Complete step by step answer:
We are given an artificial satellite. With respect to a person on the equator, the satellite is completing one round trip in 24 h.
${T_S} = 24h$
The satellite is moving from west to east so the angular velocity of this satellite with respect to axis of rotation of earth will be equal to the sum of angular velocity satellite as observed by a person on the equator and angular velocity of earth. It is given as
$
  \omega = {\omega _S} + {\omega _E} \\
   = \dfrac{{2\pi }}{{{T_S}}} + \dfrac{{2\pi }}{{{T_E}}} \\
 $
Here ${T_S}$ represents the time period of revolution of the satellite as observed by an observer on earth while ${T_E}$ represents the time period of rotation of earth.
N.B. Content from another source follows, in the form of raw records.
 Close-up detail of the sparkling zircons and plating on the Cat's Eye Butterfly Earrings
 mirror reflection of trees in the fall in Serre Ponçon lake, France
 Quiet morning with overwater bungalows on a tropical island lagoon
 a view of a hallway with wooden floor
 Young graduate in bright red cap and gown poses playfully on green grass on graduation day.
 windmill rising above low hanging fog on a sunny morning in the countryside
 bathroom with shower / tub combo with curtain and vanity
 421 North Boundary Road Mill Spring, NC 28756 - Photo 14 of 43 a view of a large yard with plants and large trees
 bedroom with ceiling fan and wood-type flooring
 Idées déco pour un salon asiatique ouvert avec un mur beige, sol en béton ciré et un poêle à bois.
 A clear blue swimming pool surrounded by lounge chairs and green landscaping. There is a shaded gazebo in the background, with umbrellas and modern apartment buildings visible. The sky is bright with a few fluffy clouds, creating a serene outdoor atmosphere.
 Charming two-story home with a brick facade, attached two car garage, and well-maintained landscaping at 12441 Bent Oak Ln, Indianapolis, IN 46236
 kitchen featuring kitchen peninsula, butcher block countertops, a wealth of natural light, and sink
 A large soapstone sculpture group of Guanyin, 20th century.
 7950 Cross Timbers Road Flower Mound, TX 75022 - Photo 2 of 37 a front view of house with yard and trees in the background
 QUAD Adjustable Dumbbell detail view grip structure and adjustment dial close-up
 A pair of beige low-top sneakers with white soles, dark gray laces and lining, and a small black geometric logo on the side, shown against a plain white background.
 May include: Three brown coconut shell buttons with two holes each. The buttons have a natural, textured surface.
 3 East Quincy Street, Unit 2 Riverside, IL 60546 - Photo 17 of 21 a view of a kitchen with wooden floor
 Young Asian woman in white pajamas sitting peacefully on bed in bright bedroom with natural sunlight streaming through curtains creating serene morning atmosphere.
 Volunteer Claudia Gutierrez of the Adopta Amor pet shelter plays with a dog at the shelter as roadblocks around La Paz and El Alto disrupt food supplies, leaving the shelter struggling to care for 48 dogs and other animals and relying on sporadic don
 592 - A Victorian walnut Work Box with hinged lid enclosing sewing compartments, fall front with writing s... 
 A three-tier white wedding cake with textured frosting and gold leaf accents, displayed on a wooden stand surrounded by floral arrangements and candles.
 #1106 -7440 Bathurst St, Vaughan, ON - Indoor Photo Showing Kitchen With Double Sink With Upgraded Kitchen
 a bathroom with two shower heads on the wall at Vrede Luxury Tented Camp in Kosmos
We know that ${T_E} = 24h$, we get the angular velocity of the satellite with respect to axis of rotation of earth to be
$\omega = \dfrac{{2\pi }}{{24}} + \dfrac{{2\pi }}{{24}} = \dfrac{{4\pi }}{{24}} = \dfrac{\pi }{6}rad/hr = 1.45 \times {10^{ - 4}}rad/s$
Now we can write the orbital velocity of the satellite by using the following formula.
$
  v = \sqrt {\dfrac{{GM}}{r}} \\
  r\omega = \sqrt {\dfrac{{GM}}{r}} \\
  {r^2}{\omega ^2} = \dfrac{{GM}}{r} \\
  {r^3}{\omega ^2} = GM \\
  r = {\left( {\dfrac{{GM}}{{{\omega ^2}}}} \right)^{\dfrac{1}{3}}} \\
 $
In the second step we have used the relation that \[v = r\omega \].
Now we can insert the known values in the above expression. Doing so, we get
$
  r = {\left( {\dfrac{{6.67 \times {{10}^{ - 11}} \times 6 \times {{10}^{24}}}}{{{{\left( {1.45 \times {{10}^{ - 4}}} \right)}^2}}}} \right)^{\dfrac{1}{3}}} \\
   = {\left( {19.03 \times {{10}^{21}}} \right)^{\dfrac{1}{3}}} \\
   = 2.67 \times {10^7}m \\
   = 2.67 \times {10^4}km \\
 $
Hence, the correct answer is option A.

Note:
It should be noted that the distance r is calculated as the distance of the satellite from the centre of the earth. By subtracting the radius of the earth from this value we can also obtain the distance of the satellite from the surface of earth.